About the merge versions
The merge versions have both versions of the LoRA combined into a larger LoRA. With differing strengths.
I originally tuned the v1 x0.4, v2 x1.0 for nvfp4 ltx 2.3, however after further testing, I wouldn't recommend using this version at full strength for fp8. (ps: if you're having issues with desaturation like in the examples on v2 and the first merge, try using the fp8 or a gguf version instead)
The other version, v1 x0.5, v2 x0.7 was a sweet spot I found when running the fp8 model, it adds a good amount of dynamic motion and doesn't have too many issues. It also seems to be better at prompt following, but it may be a bit less automatic.
Technical explanation: All LoRA weights were scaled, then concatenated along the rank dim, and the alphas were multiplied by 2 (no extra scaling math needed considering both loras have the same rank). This allows the 2 loras to be merged into a single, larger lora, which will have the same effect as the 2 loras being used together. Unlike lora merging using merging and extraction, this method is lossless, and should produce nearly identical results to using the 2 models together.
About the LTX 2.3 version
The new version has been retrained from scratch, I've trained for significantly more steps with a lower learning rate, the dataset was captioned by my nsfwvision v3 model, given some additional information with some of the videos. The captioner was given the video clips at 1 fps, so if you want to indicate a timestamp in your prompt, either put "one second into the video" or "on the second frame", describing events in order should work decently well.
The model is far from perfect, I wouldn't say it's always better than the previous version, maybe a bit better at prompt understanding. Also, using the distil lora at low steps usually gets you less motion, but I still need to figure out a better workflow to fix some of the noise issues when using CFG, the motion tends to be significantly better with CFG than without, so I would recommend using it if you've got a good workflow.
None of the outputs during training had the issues I had when running the model without distil, so it's probably a user issue.
About T2V
T2V still isn't great, it may be better than it was in the previous version, but you need to give extremely detailed prompts, describe the framing, camera's movement or lack thereof, location of the characters (including pov if it's a pov shot).

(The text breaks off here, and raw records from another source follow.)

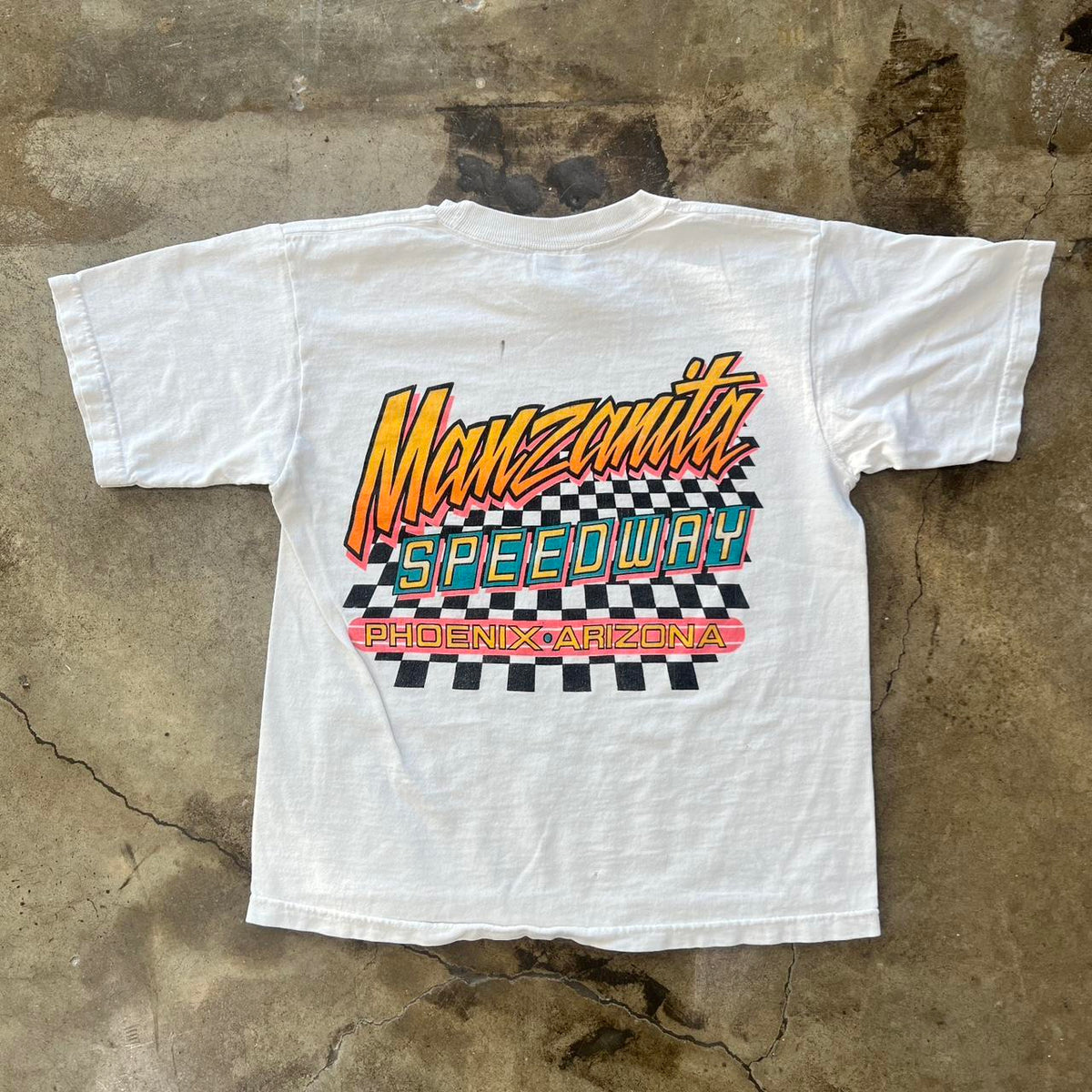 Manzanita Speedway Phoenix Arizona Racing Tee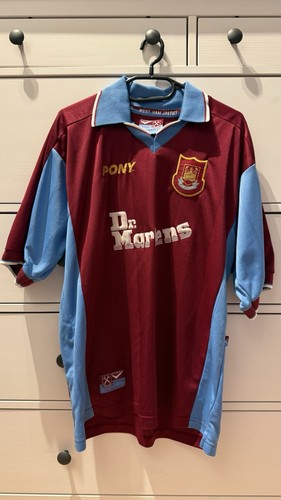 Trikot pony west ham united - west,
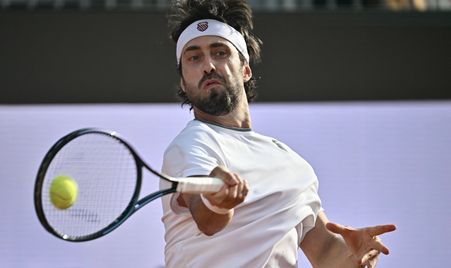 2026 Rome Basilashvili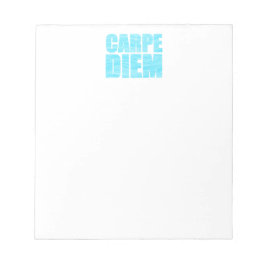 Carpe Diem Anteckningsblock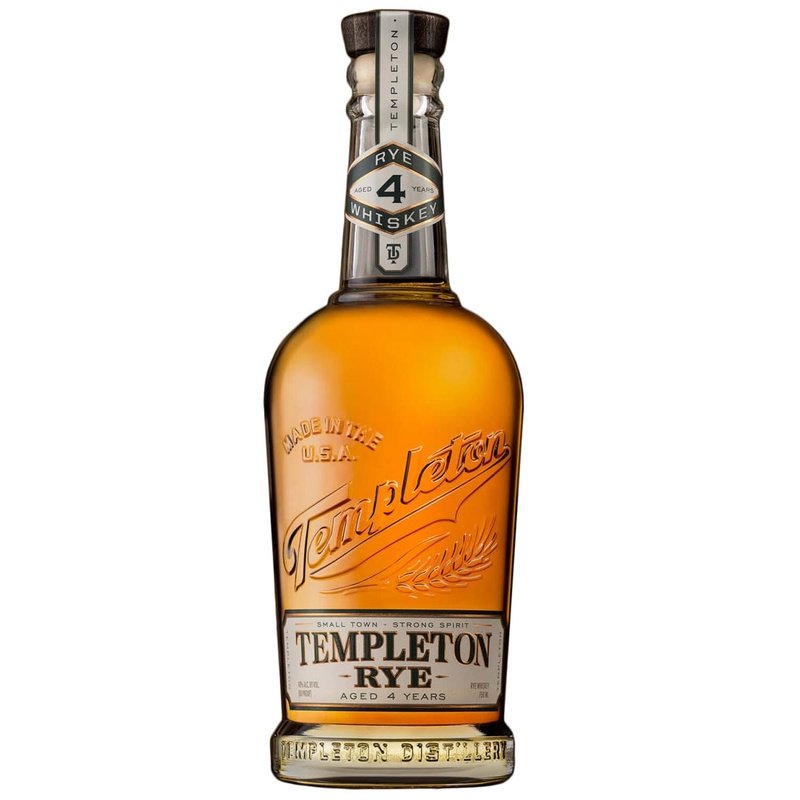 Templeton 4 Year Old Rye Whiskey - ShopBourbon.com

It's very finnicky, so I2V will pretty much always be easier.
Original info
A multi purpose lora for nsfw content primarily intended for anthro (furry) characters but as usual it'll likely work with regular human characters as well, a successor to the Wan furry loras.
This lora should be capable of producing both furry and non-furry NSFW content with audio.
The showcase vids are all image to video. At least 1280x720 recommended for high quality results, lower res (like 640x360) will still work, but may be lower quality. Showcase vids are mostly 640x360 but some are 1280x720. Black bars are due to resizing, my input images were in 2:3 or 3:2 aspect, when going to 16:9 this would stretch, so I used padding instead.
Examples are generated with nvfp4 dev model with distil lora, using my uncalibrated nvfp4 text encoder.
Supported styles
Supports 2d, 3d and realistic styles for image to video. Text to video is largely untested but likely not going to be great.
Keywords
Keywords such as "anthro", "furry", and "anthropomorphic" can be used to specify
(Written before training finished)
Not good for T2V, use I2V
I2V:
I2V is capable of various poses, perspectives and actions. The characters can still talk (but I do not recommend making a character attempt to talk during oral, for moaning during oral, prompt for "muffled moaning".
Foley:
LTX 2 can be used to create foley audio, meaning audio added to an existing video, this lora will work very well for this. [Workflow]
Text encoder info
The idea that abliterated gemma will produce better results than standard gemma as a text encoder is a myth. Abliterated models are lobotomized to forget about refusals, but this also kills other knowledge about banned concepts in the process. Do not use abliterated gemma unless you don't care about the quality of your outputs.
Additionally, since ltx 2 isn't truly censored, the information it picks up from the text encoder ignores censorship info, therefore the outputs will be perfectly fine and retain all knowledge.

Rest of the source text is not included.